INSTRUCTIONS FOR THE TASK: Omit every picture, then return the listing verbatim.
──────── SOURCE DATA ────────
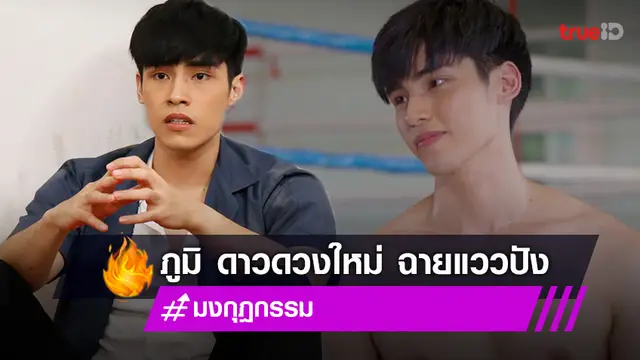 "ภูมิ ภูริพันธ์" ดาวดวงใหม่ช่อง 8 ฉายแววปังในละคร "มงกุฎกรรม"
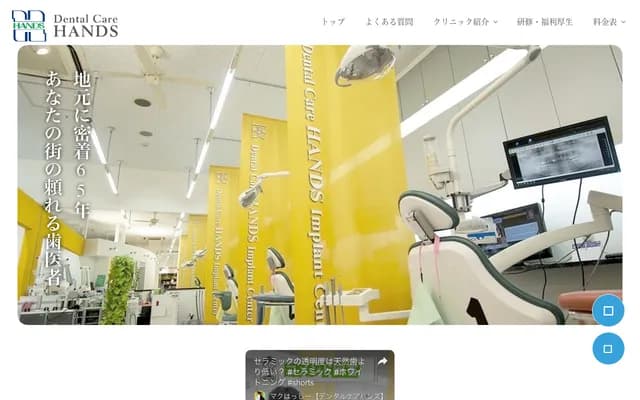 Dental Care Hands - 8-2-64 Kokuryo-cho, Chofu, Tokyo
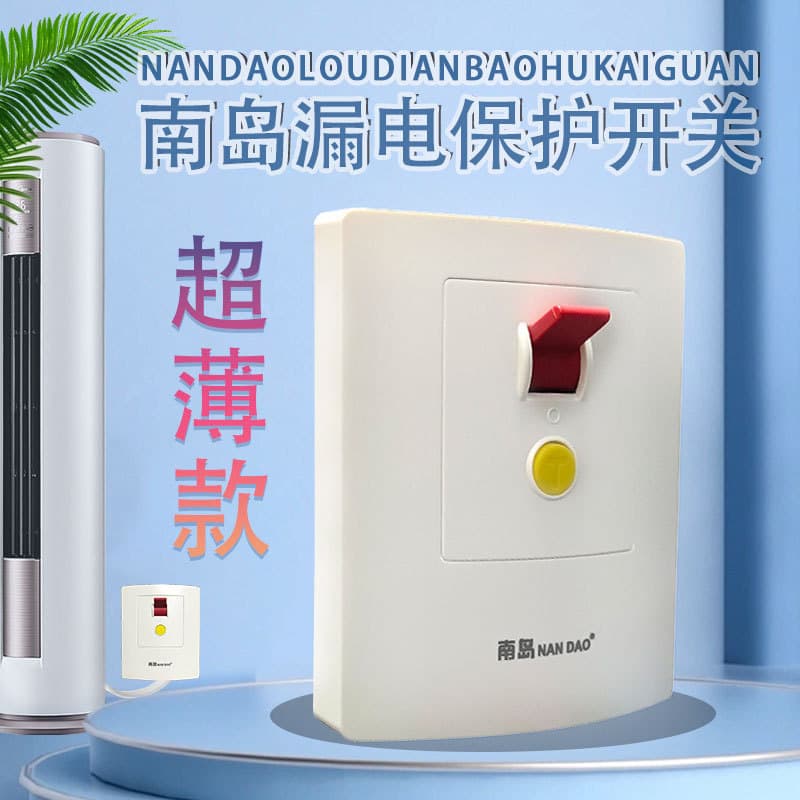 Nandao 86 Slim Leakage Protection Switch 32A/40A Air Conditioner/Water Heater Leakage Protection Switch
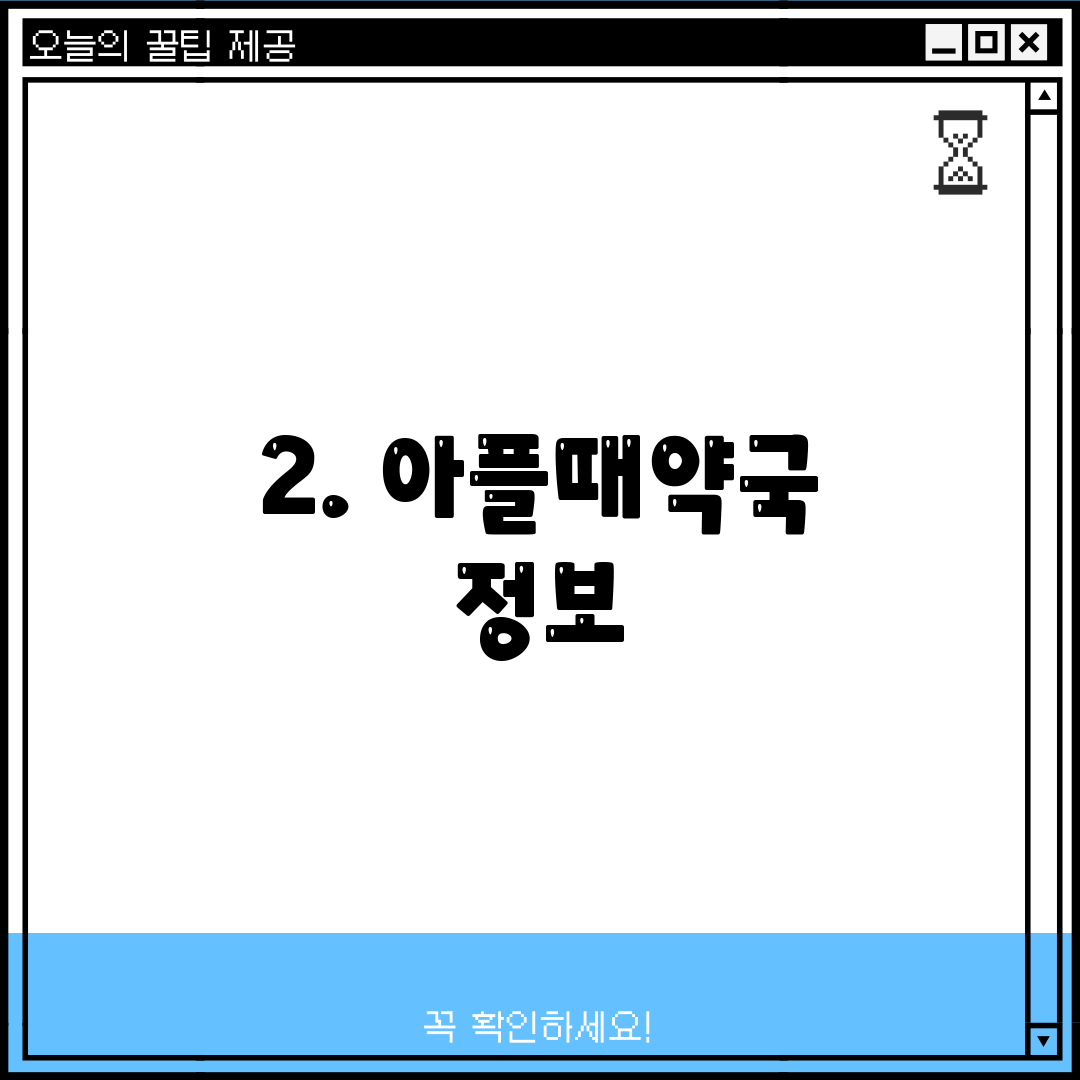2. 아플때약국 정보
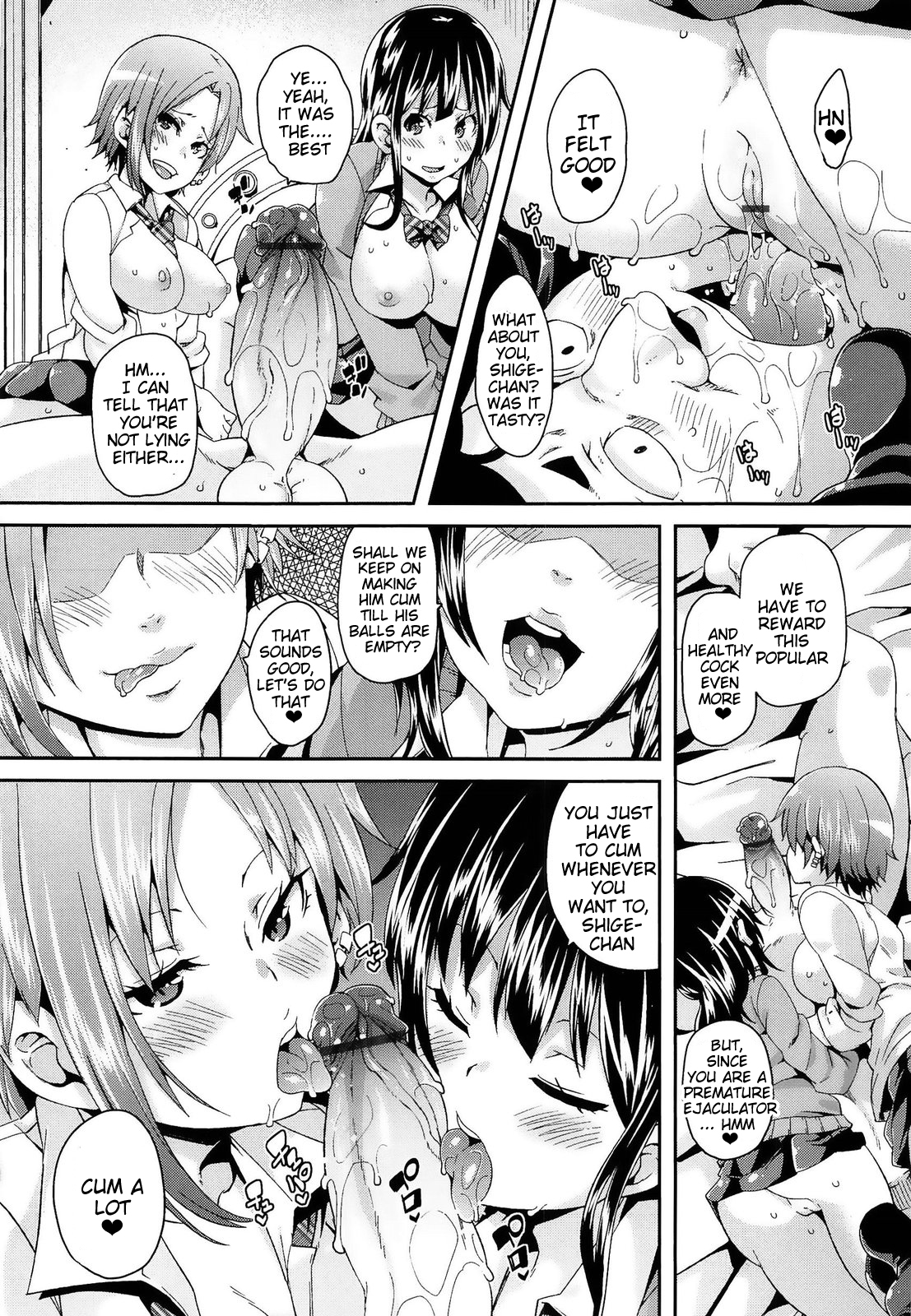 [丸居まる] M男依存症 [英訳]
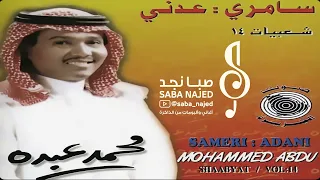 محمد عبده   ستل جناحه ثم حام يرقى على متن الهواء   نسخة أبطأ دندنها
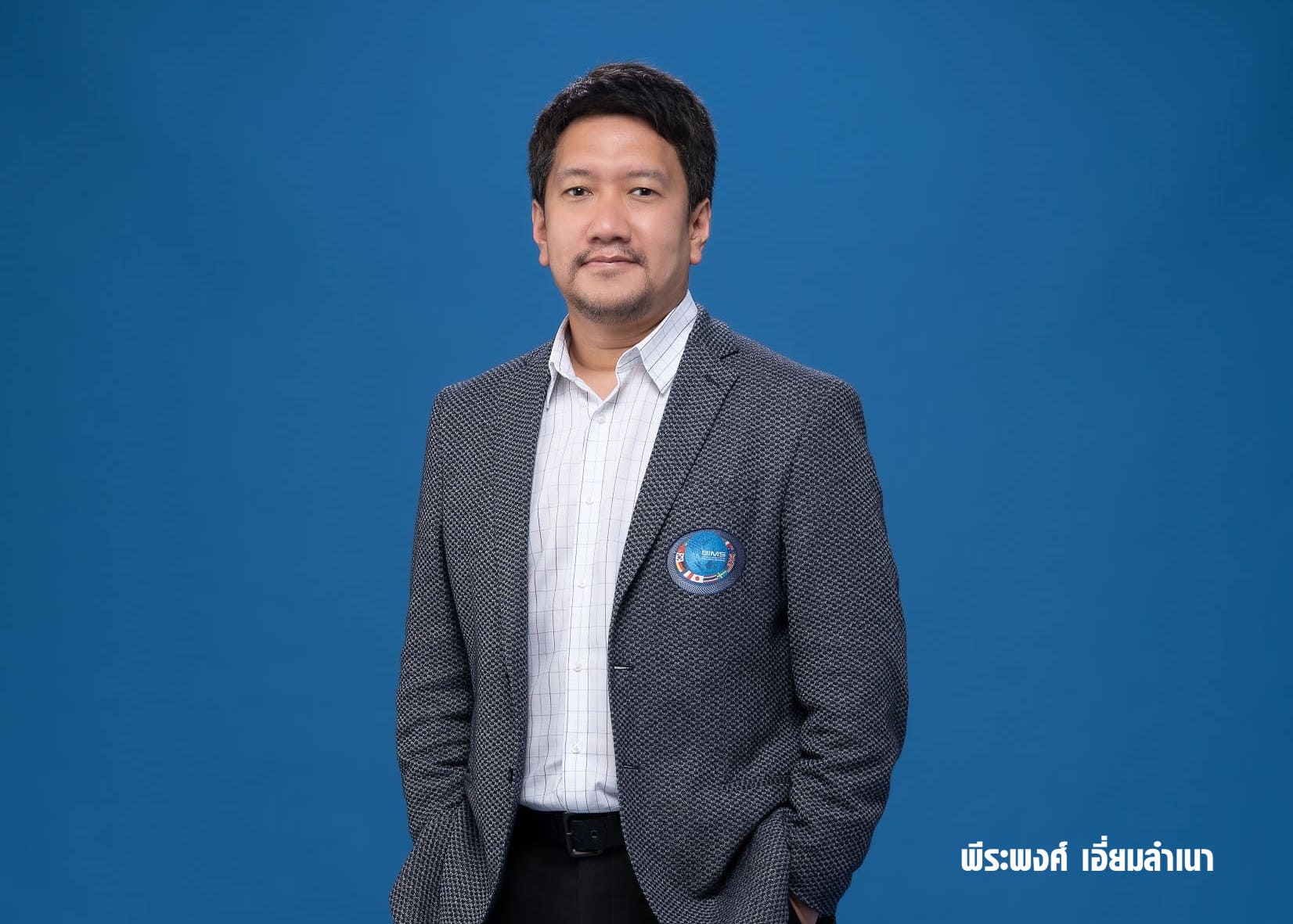 GPI ชูกลยุทธ์ขยายพอร์ตธุรกิจใหม่-ธุรกิจเดิม ดันรายได้ทั้งปีเพิ่มอีกราว 50 ล.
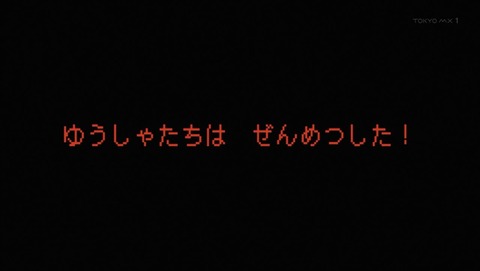 ancb000583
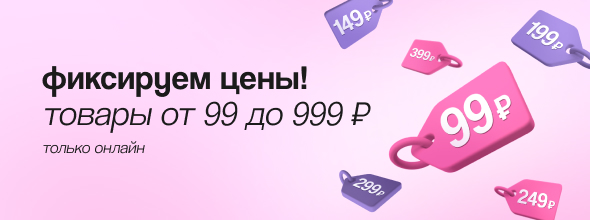 Фиксируем цены: товары от 99 до 499 ₽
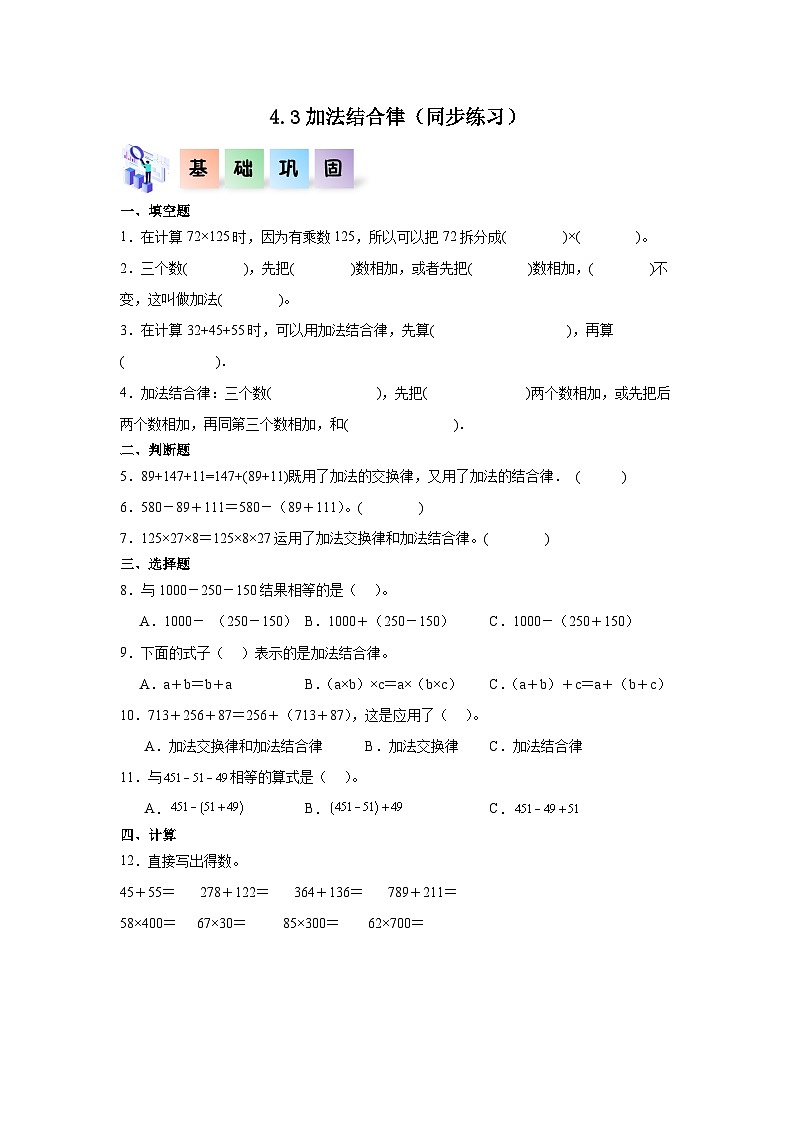 【一课一练】北师大数学4.3加法结合律(同步练习)四年级数学上册课后分层作业(北师大版)第1页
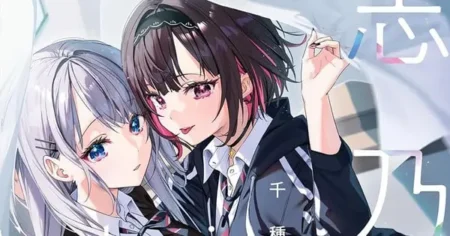 Yen Press Licenses On the Boundary’s Road, Shino, Expanding Diverse Manga and Light Novel Catalog shino ren vol.1 cnf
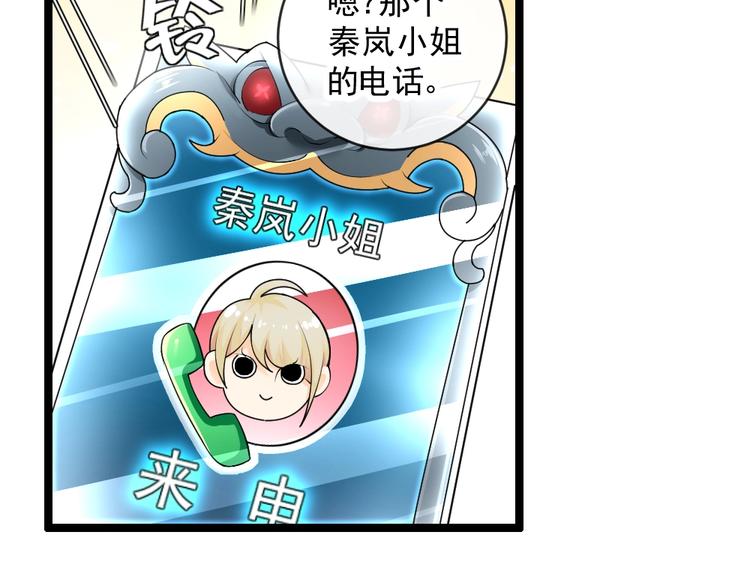 第10话 挺身而出！103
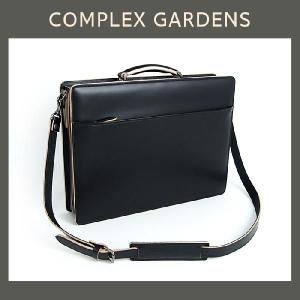 COMPLEX GARDENS コンプレックスガーデンズ 2WAY口枠付きブリーフケース/ビジネスバッグ 枯淡 コタン 3686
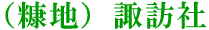 （糠地）諏訪社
────────
RESPONSE AREA:
 "ภูมิ ภูริพันธ์" ดาวดวงใหม่ช่อง 8 ฉายแววปังในละคร "มงกุฎกรรม"
 Dental Care Hands - 8-2-64 Kokuryo-cho, Chofu, Tokyo
 Nandao 86 Slim Leakage Protection Switch 32A/40A Air Conditioner/Water Heater Leakage Protection Switch
2. 아플때약국 정보
 [丸居まる] M男依存症 [英訳]
 محمد عبده   ستل جناحه ثم حام يرقى على متن الهواء   نسخة أبطأ دندنها
 GPI ชูกลยุทธ์ขยายพอร์ตธุรกิจใหม่-ธุรกิจเดิม ดันรายได้ทั้งปีเพิ่มอีกราว 50 ล.
 ancb000583
 Фиксируем цены: товары от 99 до 499 ₽
 【一课一练】北师大数学4.3加法结合律(同步练习)四年级数学上册课后分层作业(北师大版)第1页
 Yen Press Licenses On the Boundary’s Road, Shino, Expanding Diverse Manga and Light Novel Catalog shino ren vol.1 cnf
 第10话 挺身而出！103
 COMPLEX GARDENS コンプレックスガーデンズ 2WAY口枠付きブリーフケース/ビジネスバッグ 枯淡 コタン 3686
 （糠地）諏訪社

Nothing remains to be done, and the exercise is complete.